On a visit home to see his parents—his mother in La Grange and his father in the city’s Edgewater neighborhood—LaBolt, 32,  met me the day after Christmas at Chicago’s offices.  I recognized him immediately in the lobby of the Tribune Tower having seen him recently on Fox News’ The Kelly File arguing with Megyn Kelly about Obamacare. (Predictably, Kelly could find nothing right with the law and LaBolt could find nothing wrong.)

Dressed in jeans and a preppy blue Lacoste sweater over a blue checked shirt, LaBolt is good-looking and loyal, a nice guy seeming to lack the usual harder edges of people who climb the DC ladder as quickly and surefootedly as he did. He says he has no intention of returning to the campaign fray and is enjoying the more settled life as a DC PR/strategy man.
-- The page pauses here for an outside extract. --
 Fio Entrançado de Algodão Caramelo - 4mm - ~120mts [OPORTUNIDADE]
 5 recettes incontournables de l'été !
He adds that he misses Chicago’s neighborhoods, restaurants, and cultural offerings, but professes no desire to return here. He’s single and lives in the District’s historic—for jazz and blues—U Street Corridor.
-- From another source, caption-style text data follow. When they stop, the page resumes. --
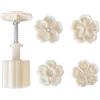 WHFCBJBW 4 pz/confezione di stampi per biscotti a forma di fiore Mooncakes pasticcini stampi comodo strumento da cucina per un bel trattamento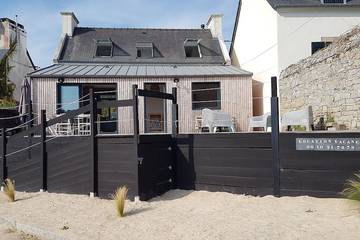 Gîte pour 6 personnes, avec jardin et jacuzzi à Plouezoc'h
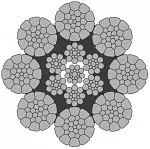 Стальной канат PYTHON Super 8C (8xK26) 26 мм, zS Galv, 1960 N/mm2 — фото превью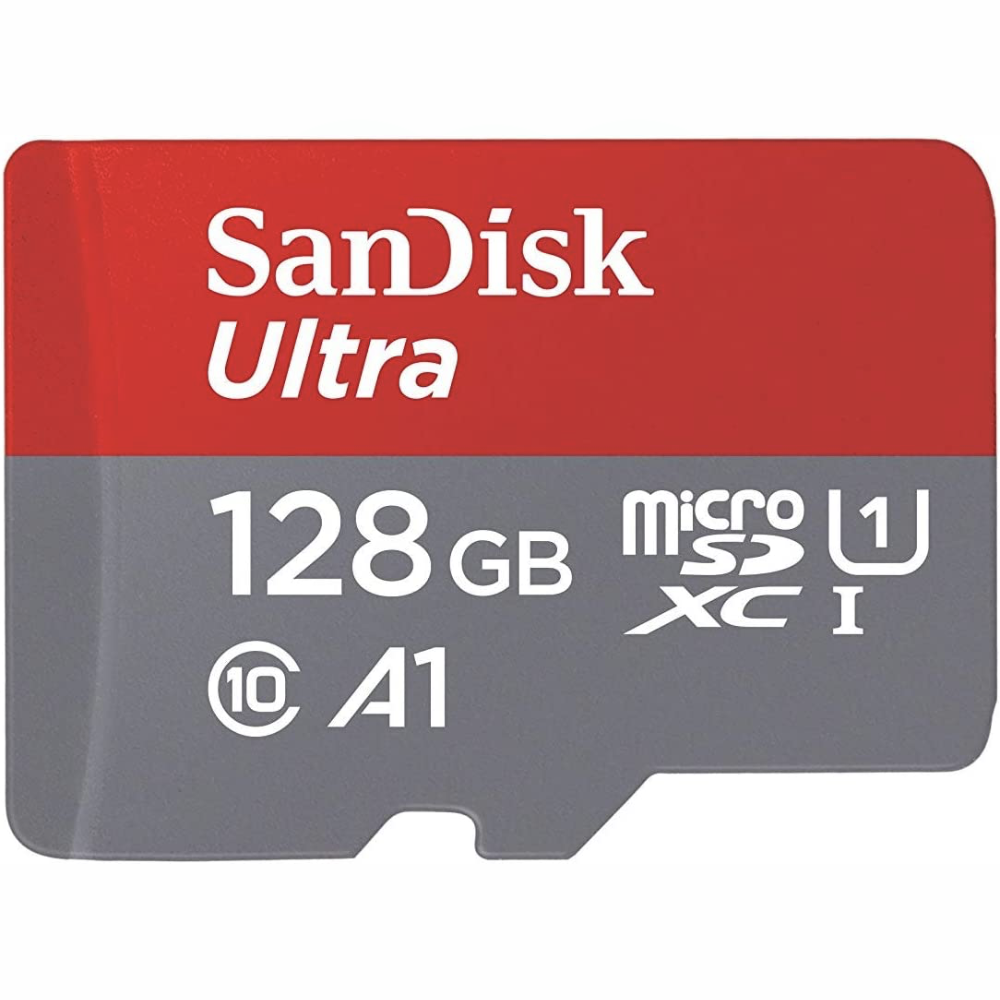 SanDisk 128GB Ultra microSDXC UHS-I - 100MB/s, C10, U1, Full HD, A1, Micro SD Card - SDSQUA4-512G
Here’s an edited transcript of our conversation:

I’ve seen you a couple of times politely answering Megyn Kelly’s aggressive criticism of the ACA.  I laughed when she patronized your defense of Obamacare with,  “Stop that. You are too smart to believe that.”
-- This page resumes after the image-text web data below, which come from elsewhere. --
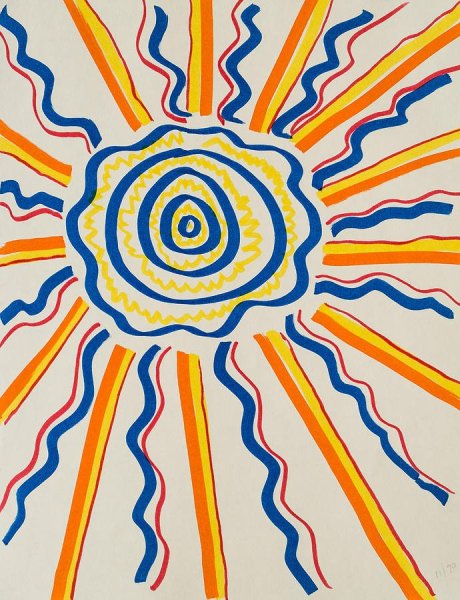 Абстрактное изображение солнца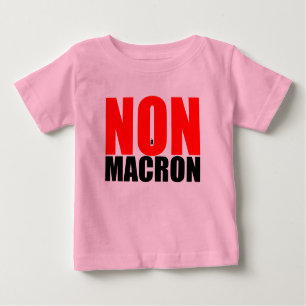 NON à MACRON Baby Girl T shirt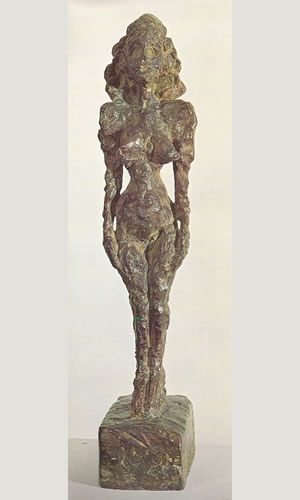 Desnudo de pie II, de Alberto Giacometti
I’m eyes-wide-open going into that. I don’t think Democrats should just appear on friendly territory. Fox has a very large viewing audience for some of their shows; two million people get to hear a different viewpoint every once in a while.… I’m always open to doing Fox if they’re clear about what the topic that’s going to be discussed is; clear about what you’re signing up for and you’re actually going to have a dialog on the show, don’t just get talked over….I  think it’s important not to just sing to the choir all the time… Also, remember, there are independents who watch [Fox]. We took a look at that during the campaign.

Any interesting experiences in the green room?

I’ve bumped into Karl Rove—we had contiguous segments—but that’s the DC experience. It’s a smaller town than you think,  and you overlap with a lot of people you see at events…. We joked around about our different viewpoints. I’ve never met anyone [there] who’s been unpleasant.

Growing up in La Grange, what sparked your interest in politics? Were your parents political?

It’s in your blood if you grow up in and around Chicago.  Big personalities, one of the last cities left with a political reporter at every TV news station, and there are four stories in the paper about the mayor every day. Politics always mattered and you could always tell that it mattered. My parents weren’t involved in politics day to day—they were democrats–but they read the Tribune religiously.  I would read it after my dad read it at breakfast.

Your political activity started in college?

In my first year, Howard Dean was governor and had just passed civil unions, first state in the country, and there was a really nasty gubernatorial race that year against Dean. I just volunteered. It was also a presidential election year, so we’d drive down to New Hampshire during the primaries. We’d also do things like put together a phone bank for the local state rep candidate. A winning margin in Vermont is something like a thousand votes,  and so if people at my college came out and voted that was the margin of the campaign, and so it was fun to work on something so small where you knew that if you engaged X number of people you would tip the results of the race.

When I got out of college my first job was working on the New Hampshire primary [in 2004] for Gov. Dean. 

Did you consider another line of work than politics?

I always thought I’d go to law school, took the LSAT in college and at some point I just decided I found my career and I didn’t need to get a JD and spend the next five years editing briefs at 3 am working to pay off my loans.

How did you and Robert Gibbs get together? He’s older and better known.

Robert hired me in [early] 2007 just as Sen. Obama made the decision to run [for president] and he and the other person in the senate office who managed communications there, Tommy Vietor, both headed out to do the presidential campaign, so they needed somebody to do the day-to-day communication in the senate office.

At your new venture, Incite, do you and Gibbs lobby?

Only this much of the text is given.